AIM OF THE TASK: Using the data that follows, output only the lines from the line with "Silver ring with" up to and including the line with "Group of five", exactly, leaving pictures aside.
#### THE RECORDS ####
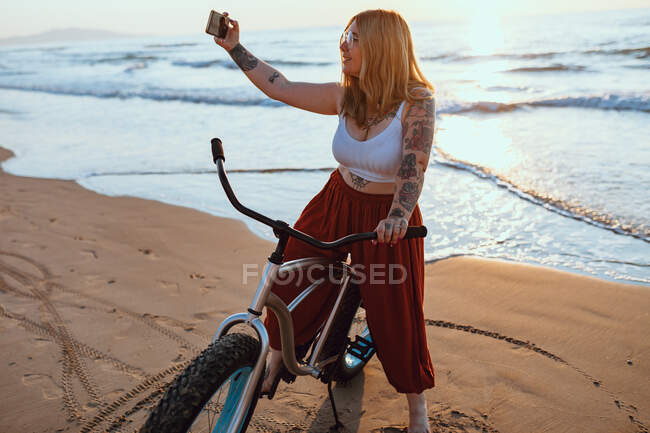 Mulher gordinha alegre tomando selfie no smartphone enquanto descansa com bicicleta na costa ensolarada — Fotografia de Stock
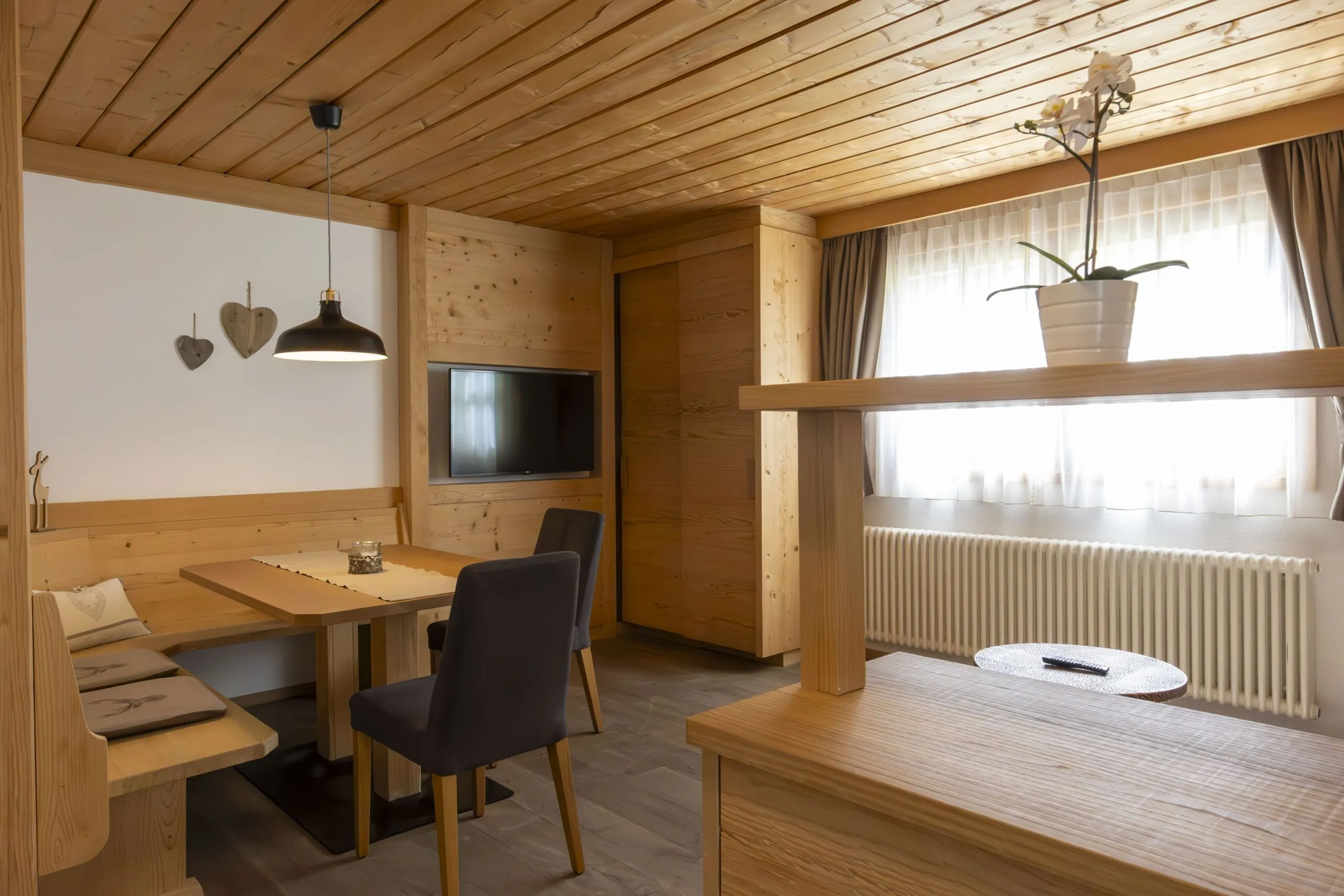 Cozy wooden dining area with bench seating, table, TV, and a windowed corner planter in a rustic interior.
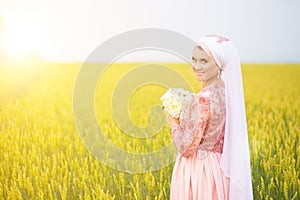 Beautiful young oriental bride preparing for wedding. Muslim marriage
####
#### THE RECORDS ####
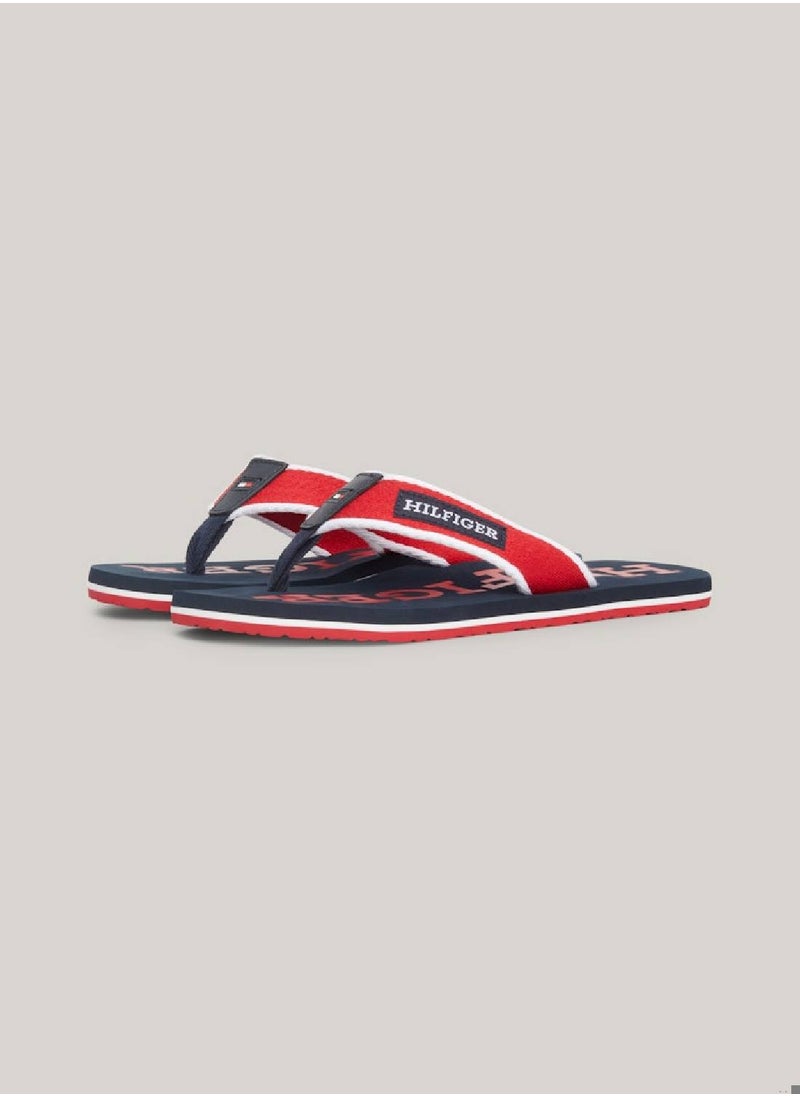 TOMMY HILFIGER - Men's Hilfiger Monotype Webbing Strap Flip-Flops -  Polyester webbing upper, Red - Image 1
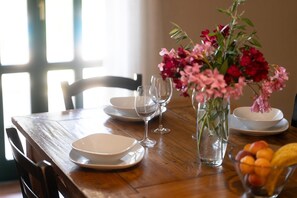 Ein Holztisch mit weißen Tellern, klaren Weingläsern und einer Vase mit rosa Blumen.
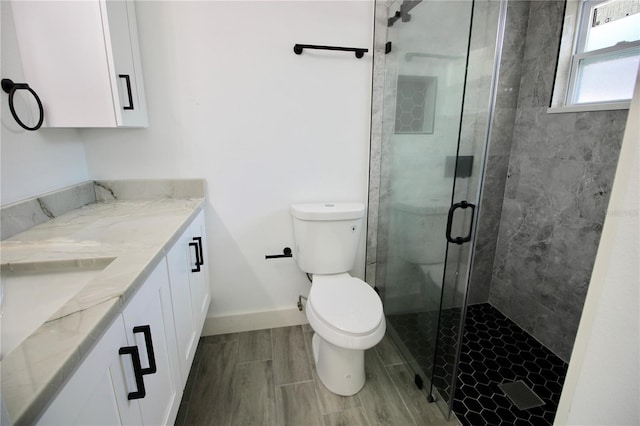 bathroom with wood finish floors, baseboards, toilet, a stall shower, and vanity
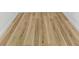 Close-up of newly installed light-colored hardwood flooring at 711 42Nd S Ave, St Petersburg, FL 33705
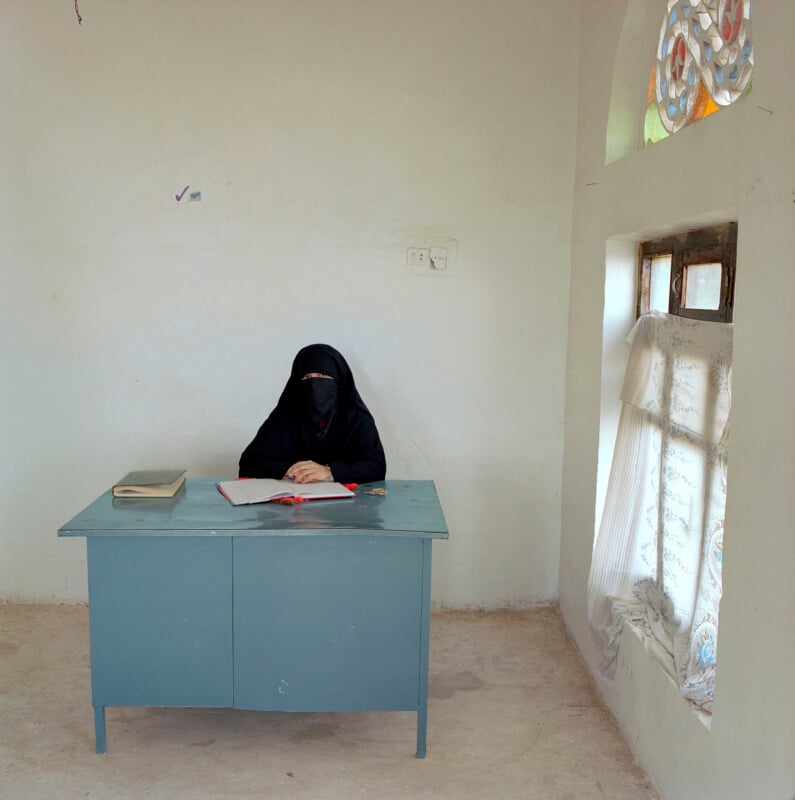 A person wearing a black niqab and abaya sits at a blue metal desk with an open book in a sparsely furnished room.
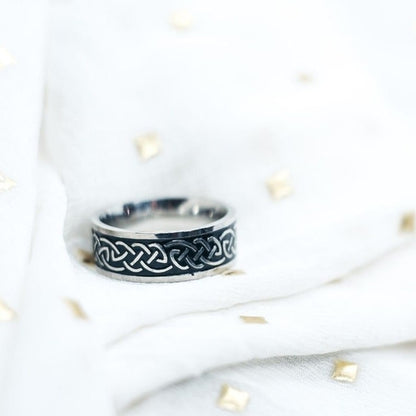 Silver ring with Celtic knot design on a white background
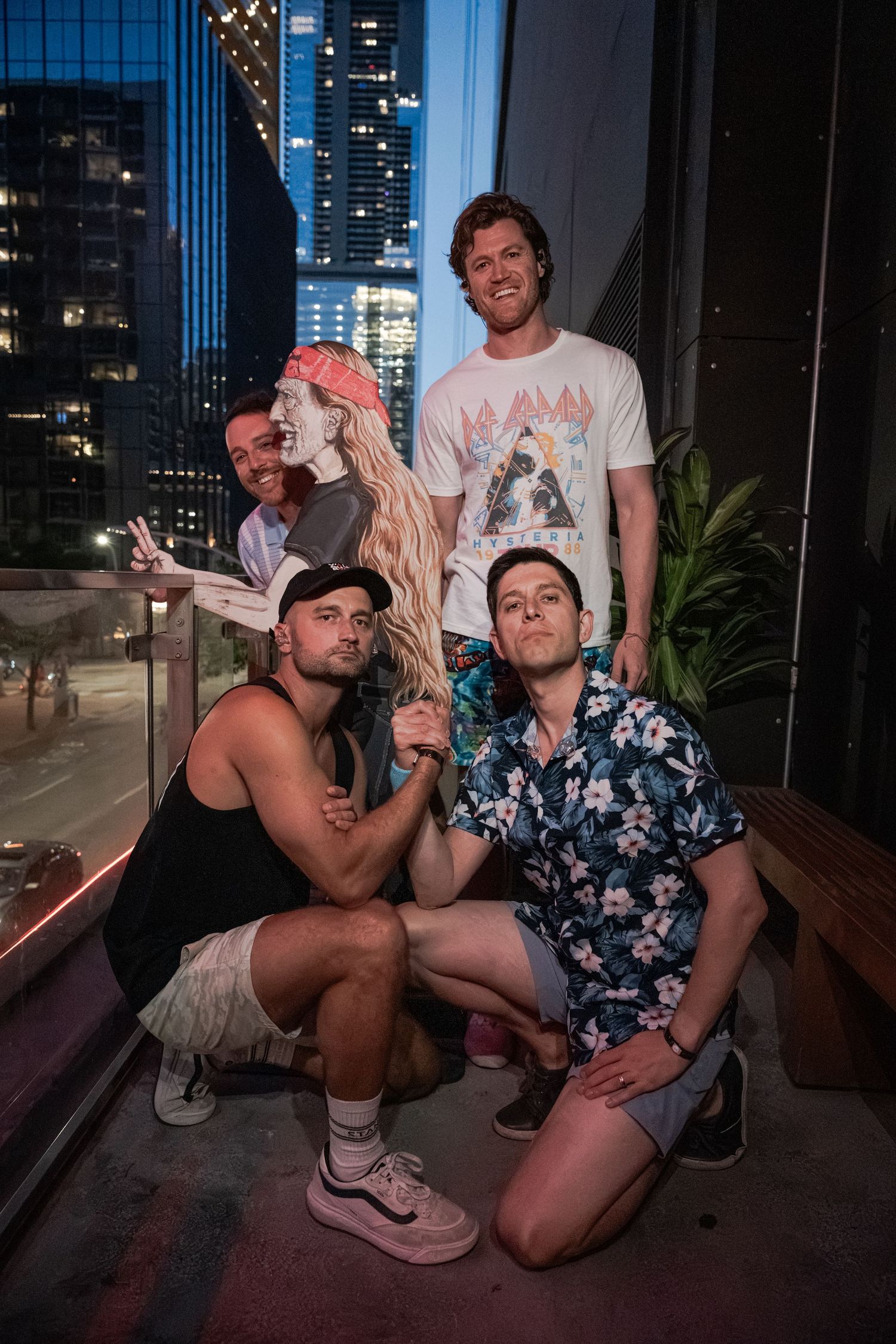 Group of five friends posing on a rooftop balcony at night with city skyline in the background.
####
SOLUTION TO THIS EXERCISE:
 Silver ring with Celtic knot design on a white background
 Group of five friends posing on a rooftop balcony at night with city skyline in the background.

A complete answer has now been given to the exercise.